Jemima: She sees her as an older sister. She also typically disagrees with her commonly as Izzy is a ‘nothing matters so why bother’ kind of person whereas Jemima is a ‘nothing matters so lets party’ kind of person.
Lycan: Izzy likes (like like) him and acts like a tsundere around him. The main reason she isn’t as open about it is the fact that their physical bodies are vastly different ages despite the fact she is actually older than him and at this point it’s be hard to actually find someone close to her age.
Ash***: She finds him aesthetically pleasing and secretly was the person to give him his flower crown. (She uses her magic to keep the flowers constantly alive) Sometimes she uses her magic to see his wings but never tells anyone. She doesn’t really talk to Ash much.
Whisp: She doesn’t like Whisp at all, and sometimes she wonders why he survived instead of someone else, but she reminds herself to be grateful another person survived, no matter how sleazy she thinks he is. She also wonders what Ash sees in Whisp, but since Ash likes him, she doesn’t insult him. Often.

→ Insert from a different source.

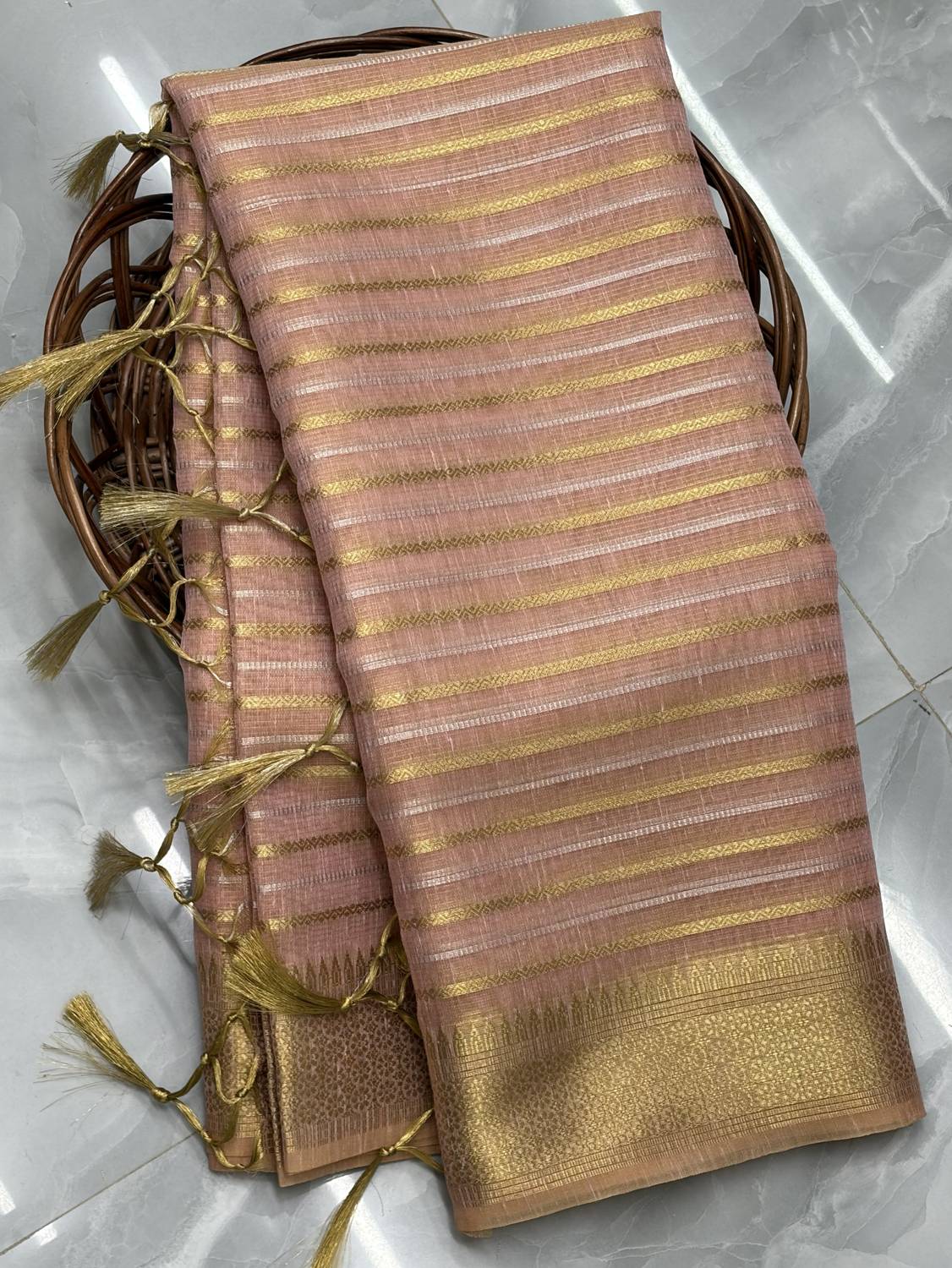 Akram Textiles Hub Woven Banarasi Cotton Linen Saree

Rachel: She finds Rachel just a little too girly but doesn’t judge her too harshly for that. She sees her almost like a mother figure and likes her values of kindness and loyalty, except when she tries to make her more kind.
Snow: Izzy sees her as a little naive girl who is too emotional, but still respects her for not being turned cynical by the war that she was born into. She feels a bond with her as they were both attacked by the same serial killer. (Sometimes she calls her her ‘Blood Sister’ har har)
John: She is obsessed with killing him as he has hurt both her and Snow. She wants to avenge everyone he’s ever killed or tried to kill, calling his acts “weak” and “too easy” as he primarily targets young children.
Bolt: Izzy almost forgets her hatred for John when Bolt shows up. She calls him “a human form of Zeus.” Her reasoning is, “What other xxxholes can control lighting and have the prize for biggest egos?”****
Fun Facts: Her favorite Pokemon is Espurr. Before the war she had a collection of knives, swords, and daggers that had stabbed her were left near her. The dagger she has now is the one mentioned in her backstory. Her favorite animals are black ragamuffin cats. She identifies as a lawful neutral. Her sexuality is demiheteroromantic monogamous asexual. She is actually the oldest person in the story despite being constantly nine. She, on Jemima’s request, became a magician for a few years, preforming stunts that no one could figure out because she decided to use real magic. However, to avoid being exposed as immortal she had to fake going missing. She constantly criticizes how witches are portrayed in various media, but still loves movies that aren’t entirely accurate about witches.
*Izzy was originally made when I was nine, so I wasn’t very original. The most constant part of her character is her appearance, which at the time was just me wearing a green hoodie that I don’t own, so if you compare the two of us we look pretty alike.
**If the characters are ones she knows before the story, these are her opinions of them when the series begins. If she didn’t know them before, they’re from when she knows them pretty well. There’s not really a distinction between the two but I feel like I should mention this fact.
*** There’s characters mentioned here not mentioned in the backstory segments because either 1) she doesn’t have a significant interaction with them before the series starts or 2) she doesn’t meet them until the story begins.
****Bolt may be like Zeus in some regards, but he is very monogamous. And very gay.